**ABOUT THIS TASK**: Include in the reply only the lines from the start of the data below through the line containing "Ferienhaus für 8", reproduced exactly and with no pictures.
MATERIALS PROVIDED below:
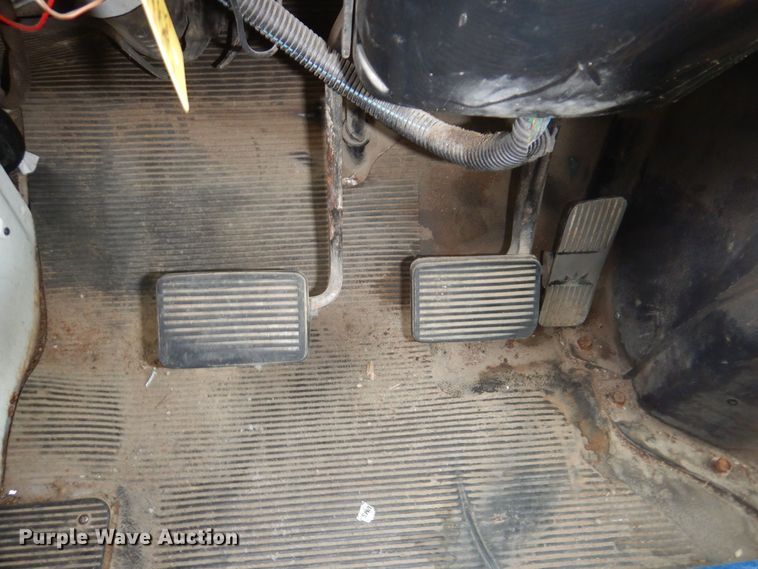 image for item KW9661 2000 International 4700  chipper truck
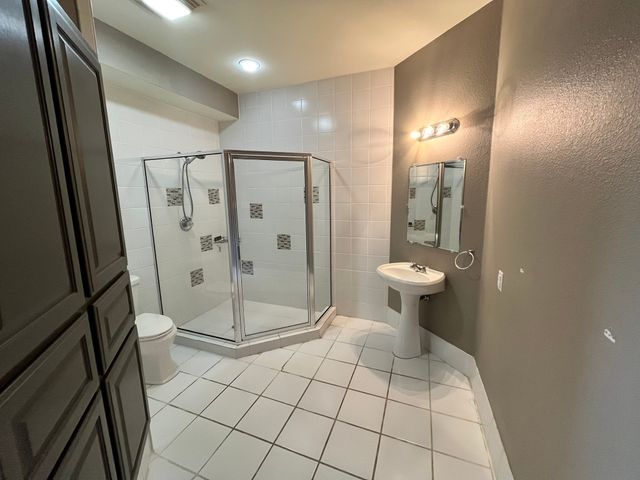 2700 Boyd Street, Ennis, TX 75119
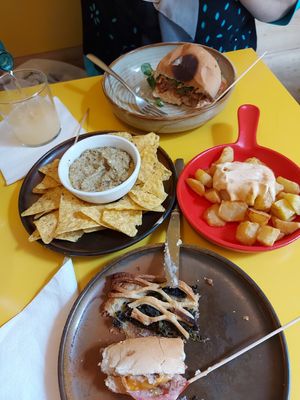 Hummus con tortillas, patate con sasa, panino e sfoglia ripiena di spinaci e uvetta at Santa Vegana in Barcelona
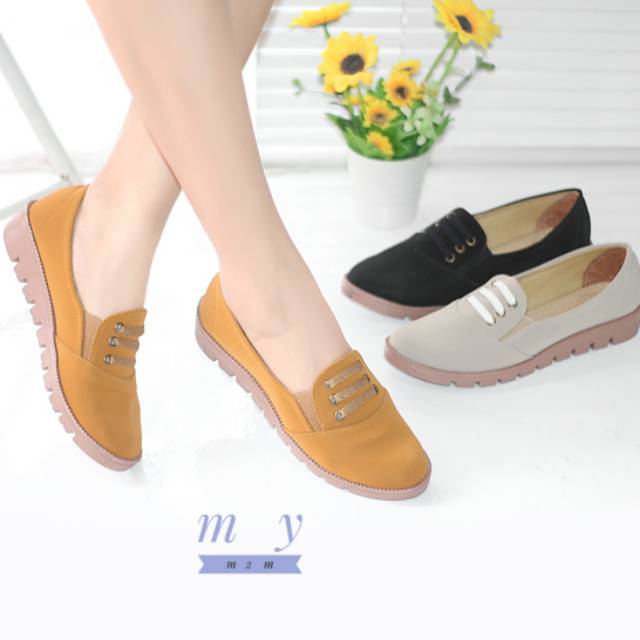SEPATU WANITA SLIP ON VAWEL -- MMM --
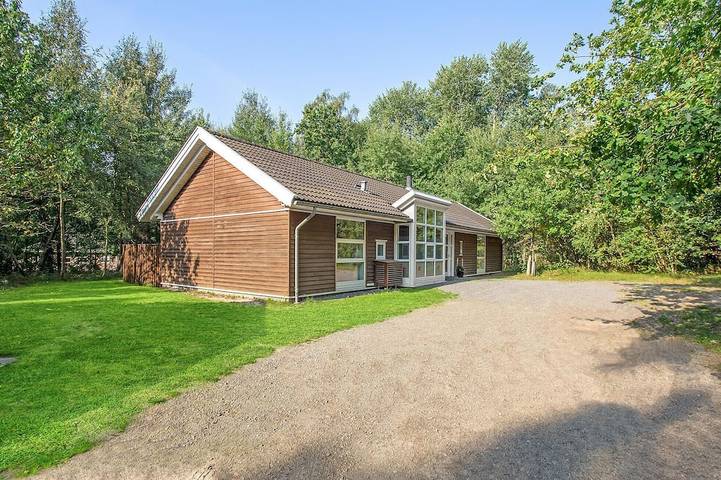 Ferienhaus für 8 Personen, mit Terrasse und Sauna, mit Haustier auf Bornholm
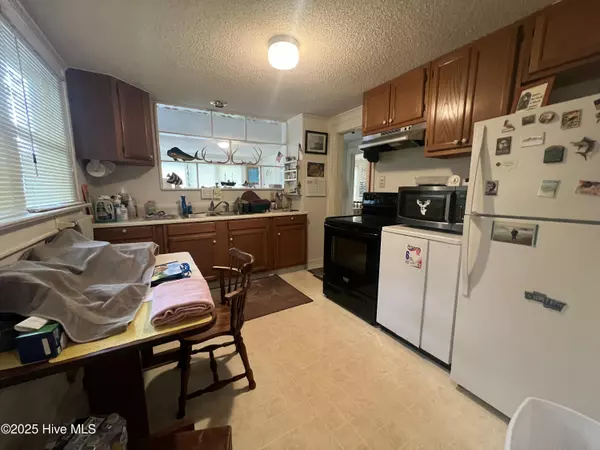 Williamston, NC 27892,304 School DR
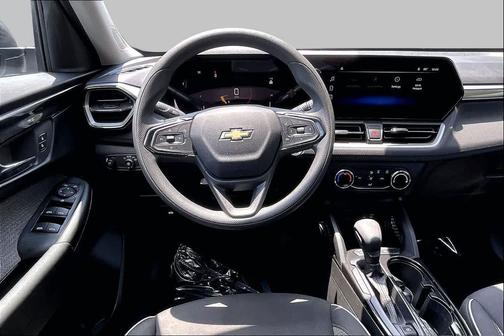 White 2025 Chevrolet Trailblazer LS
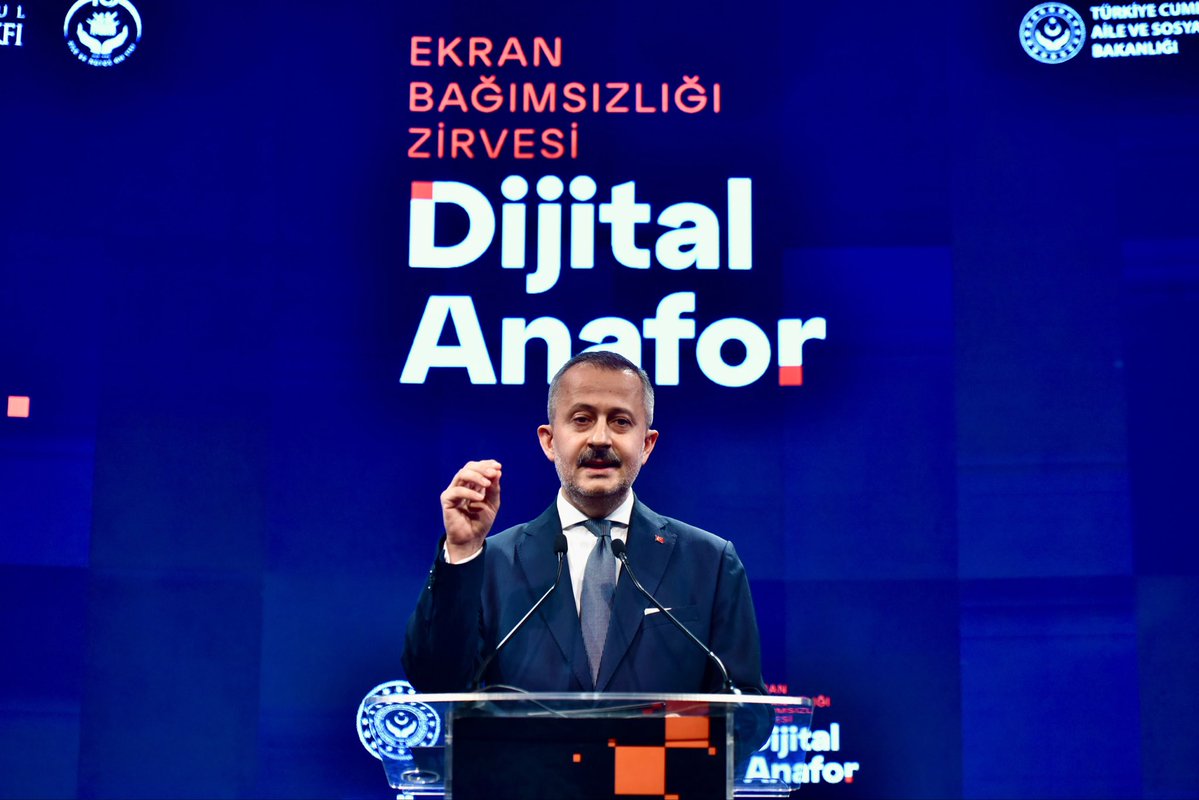 istnblailevakfi's tweet photo. Dijital Anafor | Ekran Bağımsızlığı Zirvesi, T.C. Aile ve Sosyal Hizmetler Bakanlığının himayelerinde, RTÜK ve İstanbul Aile Vakfı iş birliğiyle gerçekleştirildi.

@tcailesosyal @rtukkurumsal @TC_istanbul https://t.co/2ZPLw0wniV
End of MATERIALS PROVIDED.
**RESULT FOR THIS TASK**:
 image for item KW9661 2000 International 4700  chipper truck
 2700 Boyd Street, Ennis, TX 75119
 Hummus con tortillas, patate con sasa, panino e sfoglia ripiena di spinaci e uvetta at Santa Vegana in Barcelona
SEPATU WANITA SLIP ON VAWEL -- MMM --
 Ferienhaus für 8 Personen, mit Terrasse und Sauna, mit Haustier auf Bornholm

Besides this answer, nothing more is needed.